I accept that we do not know exactly what happened. And I've read enough newspaper reports when I was there, to know how misleading they can be. But I cannot see beyond my instinctive response to the jailing of Mr Munir Hussain and his brother. Seems to me it sometimes undervalues the intelligence of asses to be compared with the law of our land.
The facts of the case seem to be that three burglars entered the private house of Mr Hussain and his family. Mr Walid Salem, a man who's reported to make his living from burglary, and two others then attacked the Hussains, tied them up and threatened physical violence with a knife. This must have been a terrifying experience for the helpless victims. But Mr Hussain managed to free himself before any of his family were killed, recruited the help of his brother and gave chase to the three burglars. Two escaped but they caught Mr Salem, and beat him up with a cricket bat, inflicting upon him some long term damage. The judgement of the British judicial system was that the burglars should receive no meaningful punishment (two of them escaped) for terrorising an innocent family, while Mr Hussain and his brother should be sent jail. I do not know for certain, but I feel that if I'd found myself in the same situation as Mr Hussain, I would have been so mad with rage that I, too may have allowed the finer points of our legal system to slip my mind temporarily. The last thing on my mind would have been the legal requirement that I use only 'reasonable force'. I would have been protecting my own in a cloud of red mist. Anything could have happened. The sentence handed down to Mr Hussain seems to me to defy common sense and natural justice..

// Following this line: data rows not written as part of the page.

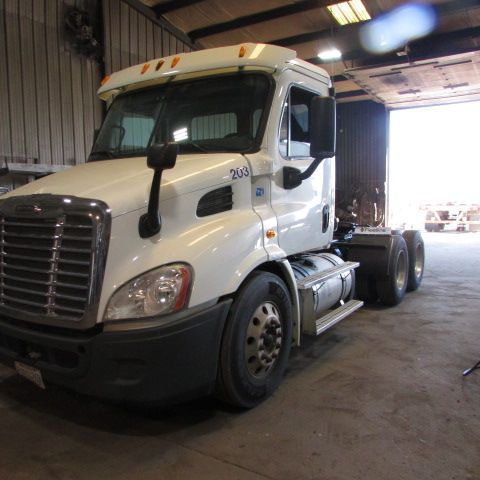 2013 Freightliner Cascadia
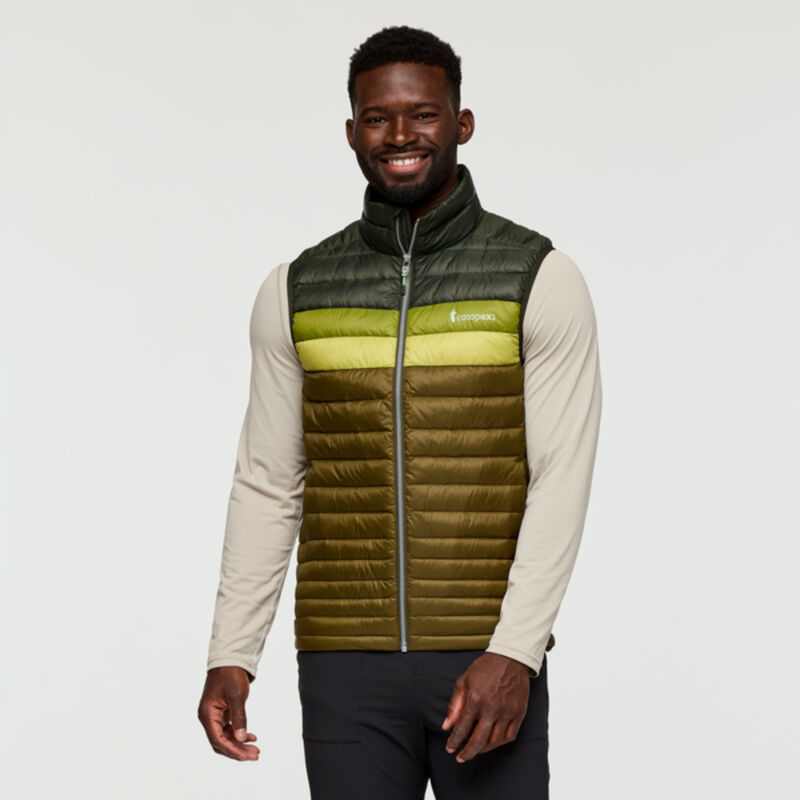 Cotopaxi Fuego Down Vest Mens image number 0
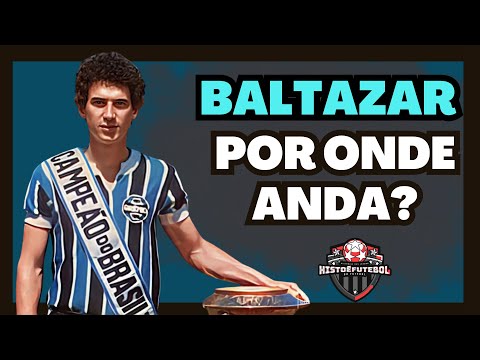 Por Onde Anda BALTAZAR, Ex Jogador Do GRÊMIO?  A História De Superação e Fé Do ARTILHEIRO De DEUS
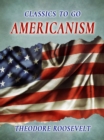 Americanism - eBook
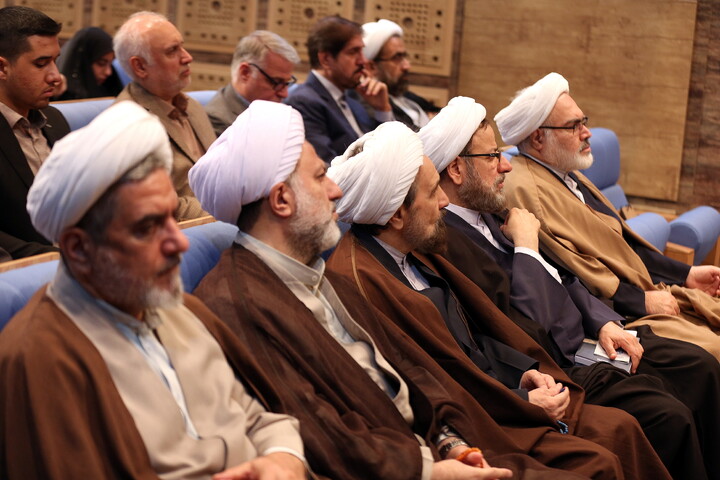 تصاویر/ همایش امت تمدن در قرآن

Its no good blaming the judge, who job it is to interpret the laws that our politicians have passed - though, like many others, I feel that a suspended sentence would have been more appropriate. Politicians should look again at the law in relation to self defence. Law that the people think is deeply unfair brings our legal system into disrepute. The law needs to be changed, so that judges don't feel they have to take decisions that almost every single one of us think is 'bonkers'. If Shadow Home Secretary, Chris Gayling is going to publish a document entitled 'Where's the Justice in That' tomorrow, which promises to consider replacing a requirement to use only 'reasonable force' with a requirement that disallows the use of 'grossly disproportionate' force, I will welcome it. Meanwhile Mr Hussain can do nothing but await the verdict of the Court of Appeal - with the support of the nation behind him.